### Dataset extract
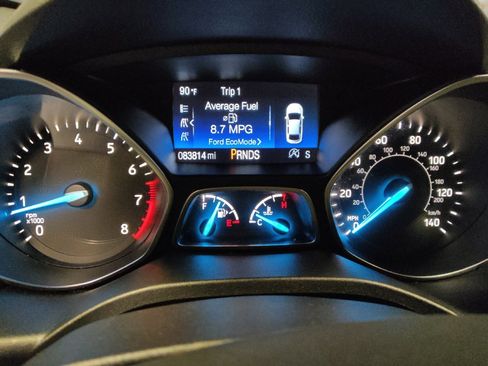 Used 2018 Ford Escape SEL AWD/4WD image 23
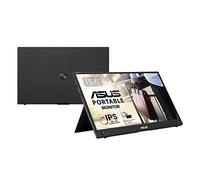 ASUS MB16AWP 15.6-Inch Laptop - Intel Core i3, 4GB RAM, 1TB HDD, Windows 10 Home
--
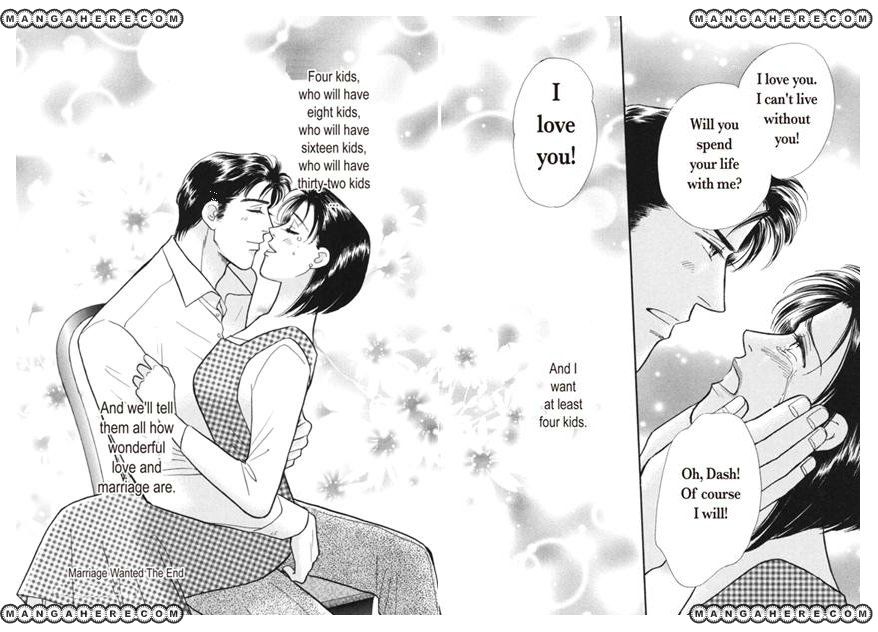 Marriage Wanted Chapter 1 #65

### Work request
Retype only the lines above from the one with "Used 2018 Ford Escape SEL AWD/4WD image 23" through the one with "ASUS MB16AWP 15.6-Inch", exactly and with both ends. Images stay out.

### Exercise result
 Used 2018 Ford Escape SEL AWD/4WD image 23
 ASUS MB16AWP 15.6-Inch Laptop - Intel Core i3, 4GB RAM, 1TB HDD, Windows 10 Home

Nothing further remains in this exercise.